Hooverphonic chronology
| Blue Wonder Power Milk (1998) | The Magnificent Tree (2000) | Hooverphonic Presents Jackie Cane (2002) |

Singles from The Magnificent Tree
- "Mad About You" Released: 2000; "Vinegar & Salt" Released: 2000; "Out of Sight" Released: 2000 (remix); "Jackie Cane" Released: 2000;

= The Magnificent Tree =

The Magnificent Tree is the third studio album by the Belgian band Hooverphonic, released on 26 September 2000. The cover features the band in front of a tree in the town of Kieldrecht, Belgium.

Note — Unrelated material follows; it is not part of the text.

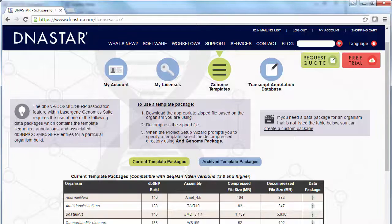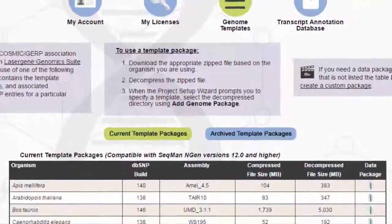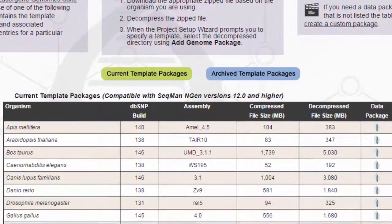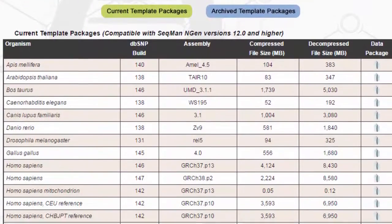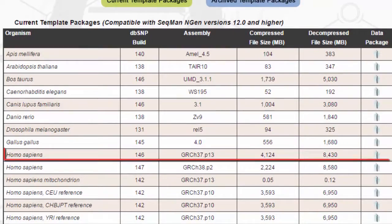In this case, I've used one of the Human Genome Template Packages that I downloaded from the DNA Star website.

Four singles were released from the album: "Mad About You", "Vinegar & Salt", "Out of Sight" and "Jackie Cane". The "Vinegar & Salt" and "Out of Sight" singles contain "Green" and "Sunday Morning", respectively, tracks composed for The Magnificent Tree that did not make it onto the final release. By November 2002, the album had sold 265,000 copies worldwide, including 85,000 copies in Belgium alone.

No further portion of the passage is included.